Load the fine-tuned model (or base model with LoRA for demonstration).


In [2]:
# Load model
tokenizer, base_model = load_embeddinggemma_model()
model = setup_lora_model(base_model, r=16, lora_alpha=32, lora_dropout=0.1)

print("Model loaded for semantic search")


    Found GPU0 NVIDIA GB10 which is of cuda capability 12.1.
    Minimum and Maximum cuda capability supported by this version of PyTorch is
    (8.0) - (12.0)
    


Model loaded for semantic search


## Create Document Collection

We'll use the positive sentences from our dataset as a document collection to search over.


In [3]:
# Load dataset and use positives as documents
train_data = load_toy_dataset()
documents = [item["positive"] for item in train_data]

print(f"Document collection contains {len(documents)} documents:")
for i, doc in enumerate(documents, 1):
    print(f"  {i}. {doc}")


Document collection contains 4 documents:
  1. Playing soccer is my favorite hobby.
  2. It's quite a sunny day outside.
  3. The football match ended in a draw.
  4. It rained heavily throughout the day.


## Embed Document Collection

Pre-compute embeddings for all documents (this is efficient for repeated searches).


In [4]:
# Embed all documents
document_embeddings = embed_document_collection(documents, model, tokenizer)

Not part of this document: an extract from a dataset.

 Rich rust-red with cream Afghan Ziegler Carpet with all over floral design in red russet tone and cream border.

print(f"Document embeddings shape: {document_embeddings.shape}")
print("Documents are now ready for semantic search!")


Document embeddings shape: torch.Size([4, 768])
Documents are now ready for semantic search!

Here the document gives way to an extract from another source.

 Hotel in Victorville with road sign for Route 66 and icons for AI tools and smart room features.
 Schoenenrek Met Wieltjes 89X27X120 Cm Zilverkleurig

## Perform Semantic Search

Search for documents relevant to a query. The model should find documents that are semantically similar, even if they don't share exact keywords.


In [5]:
# Example query
query = "I enjoy playing soccer in my free time."

# Perform search
results = search(
    query,
    document_embeddings,
    documents,
    model,
    tokenizer,
    top_k=3
)

# Display results
print(f"Query: '{query}'")
print("\nTop Results:")
print("-" * 60)
for result in results:
    print(f"\nRank {result['rank']}: (similarity={result['similarity']:.3f})")
    print(f"  Document: '{result['document']}'")

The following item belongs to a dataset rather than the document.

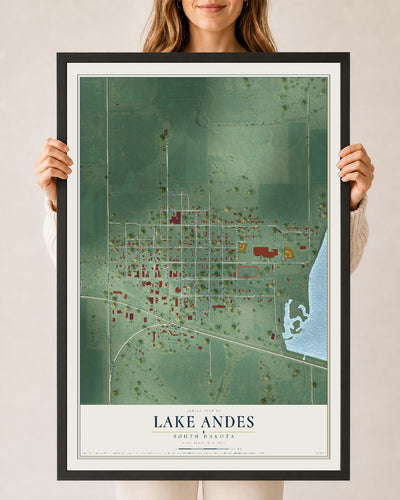 Map of Lake Andes, South Dakota, 24 x 36 inch print in a black wood frame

Query: 'I enjoy playing soccer in my free time.'

Top Results:
------------------------------------------------------------

Rank 1: (similarity=0.883)
  Document: 'Playing soccer is my favorite hobby.'

Rank 2: (similarity=0.681)
  Document: 'It's quite a sunny day outside.'

Rank 3: (similarity=0.635)
  Document: 'The football match ended in a draw.'


## Try More Queries

Test the semantic search with different queries to see how well it retrieves relevant documents.


In [6]:
# Additional test queries
test_queries = [
    "It's a beautiful sunny day outside.",
    "The match was tied with no winner.",
    "Heavy rain fell all day long."
]

for query in test_queries:
    results = search(query, document_embeddings, documents, model, tokenizer, top_k=2)
    print(f"\nQuery: '{query}'")
    print(f"Top match: '{results[0]['document']}' (sim={results[0]['similarity']:.3f})")
    print("-" * 60)



Query: 'It's a beautiful sunny day outside.'
Top match: 'It's quite a sunny day outside.' (sim=0.942)
------------------------------------------------------------

Query: 'The match was tied with no winner.'
Top match: 'The football match ended in a draw.' (sim=0.802)
------------------------------------------------------------

Query: 'Heavy rain fell all day long.'
Top match: 'It rained heavily throughout the day.' (sim=0.968)
------------------------------------------------------------